A WOMAN born in Australia in 1900 lived for 59 years on average and gave birth to three or more children. She was more likely than not to die with family or at home.
An Australian woman born in 2017 can expect to live an average 85 years and have two children or less. Any man in her life is more likely than not to die before her, by a few years.
Members of the Baby Boomer generation born between 1946 and 1964 are hitting their later years – those born in 1946 are 71 and generally retired, the babies of the Baby Boomers are 53 and suddenly wondering if they’ve got enough superannuation.
In a 2007 Australian House of Representatives report on older people and the law, the looming Baby Boomer age bulge was described as Australia facing its “inescapable demographic destiny” – more older people than ever before, living longer than before and with fewer children to care for them.
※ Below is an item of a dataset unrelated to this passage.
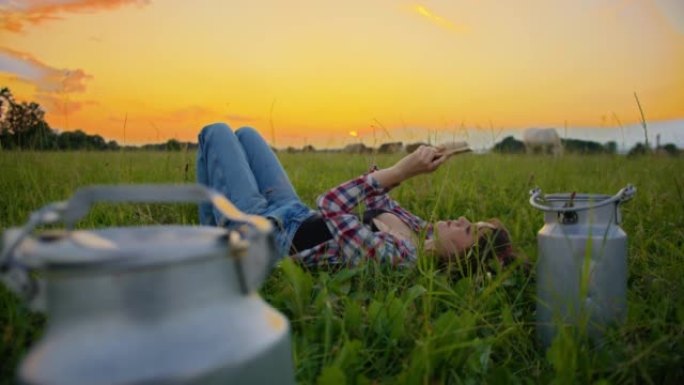 SLO MO Young女牧场主在黄昏时躺在草地上时使用智能手机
While it’s a cause for celebration that people living in our lucky country are living longer than ever before, on average, with that age comes increased disabilities and chronic conditions.
About one in three Australians over the age of 75 are living with “severe or profound core activity limitations”, and one in three over 85 have dementia.
This inescapable demographic destiny has fuelled the development of retirement villages, nursing homes and different forms of aged care facilities. It has also put a focus on an emerging and serious problem – elder abuse.
In a landmark report released this week for the Federal Government – Elder Abuse: A National Legal Response – Australia has articulated the principle that all who live in this country have rights which do not diminish with age, to live dignified, self-determined lives free from exploitation, violence and abuse. The report was required because the reality, for many older Australians, is not so certain.
Newcastle solicitor Catherine Henry has been a long term advocate for reform within the aged-care sector after shocking examples of elder abuse and neglect, both in institutions and within the community. She deserves credit for strongly criticising the failure of successive governments to more strongly regulate the sector, while relying on courts to provide a deterrent effect.
It is for governments, now, to act on recommendations.